I believe three physical laws are operative here. The first is our need to feel something, sometimes anything. The second is the vicarious law of literature, video, and music. We are attracted to the sharing of other’s stories, their triumphs, and even their pain, as long as we don’t have to feel the real pain ourselves. I want to watch Abraham Lincoln and feel some of his ups and downs; I do not want to be him. The third law is that of diminishing returns. It is a wonderful blessing both to our families and ourselves that the repetitive playing of Mumford and Sons eventually bores us and we must wait for another such masterpiece or not play the song for a year.

Ann and I are currently taking a wonderful course based on Rosenberg’s book Nonviolent Communication, which I’ve recommended before. Mary Kay Reinemann, our inspiring teacher, tells us regularly to watch for feelings. They are messengers. Anger is a messenger shouting a need. Every feeling is a please (help me) or a thank you. Hatred is please help me; I am overcome by fear. It is shouted out through a Marshall double stack amplifier with the volume on max. It is written in giant, red, bloody letters. Kindness is a thank you. Communication is more complicated than that, but you get the idea. You can also see why we’re taking this course for the second time, just so we can practice with others. The point is that feeling, even unpleasant feeling, is life, and numbness is death. To feel nothing is to be nothing. It is true that we also think, but even thinking can be dominated by feelings, and I never listened to I Want to Hold Your Hand because it gave me a thoughtful, philosophical position in life.

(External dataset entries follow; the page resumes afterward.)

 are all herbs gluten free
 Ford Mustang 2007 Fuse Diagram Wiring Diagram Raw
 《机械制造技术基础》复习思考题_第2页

The second law, the law of vicarious living, is also a gift in disguise. We all must work for a living, and that work takes up so much time and energy that we do not usually have the space to be Humphrey Bogart, Harry Potter, or Lady Mary Crawley finally married to her Matthew. We can choose to live such lives, to feel what they feel, and not actually have to say goodbye to Ilsa, be orphaned by another wizard, or feel the anguish of ruin, scandal, or loss. We may live many lives in one. Their reality, even if we don’t participate as deeply as Walter Mitty in his secret life where he pilots a submarine or saves a life with a pen is real enough. We feel a measure of what they feel. We become them to a degree, and that degree is just enough. That degree can be geometrically multiplied. We may be Lady Mary and Matthew, and Lord Grantham, and any number of maids, footmen, and butlers. We may even be scoundrels if we choose. To feel them is to live them, and it is a blessing.

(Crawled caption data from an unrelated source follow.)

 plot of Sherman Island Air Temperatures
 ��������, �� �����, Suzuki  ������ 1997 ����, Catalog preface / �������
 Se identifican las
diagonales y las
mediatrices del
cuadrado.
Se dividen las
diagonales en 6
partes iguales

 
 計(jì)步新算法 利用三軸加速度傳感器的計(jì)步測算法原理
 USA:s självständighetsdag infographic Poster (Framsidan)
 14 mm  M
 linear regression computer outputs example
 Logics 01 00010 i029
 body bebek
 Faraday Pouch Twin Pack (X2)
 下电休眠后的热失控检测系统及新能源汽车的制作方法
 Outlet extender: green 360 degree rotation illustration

The third law, that of diminishing returns, is also a blessing. When we choose to love and marry, we feel intensely and wonderfully, but also, we cannot feel that same intensity forever. This is providential because one’s spouse is bound to change, as are we all. A marriage based only on what a partner was like at 22 is a marriage in trouble. I believe the best marriage is one that assumes a trajectory. My wife is not the woman she was at 24; she is better, wiser, more alive, and I had a pretty good idea that was going to happen. The law of diminishing returns also forces us to grow, to change. Stasis is death. The law of diminishing returns forces the creation of a fifth symphony after we have tired of the other four. It forces the creation of What About Bill after we have tired of Groundhog Day, and a third season of Downton Abbey after the late night kiss in the snow that ended the last season.

The law that rules this world, including our own brains, is providential, blessed, and necessary because it nudges us to live. It is all good.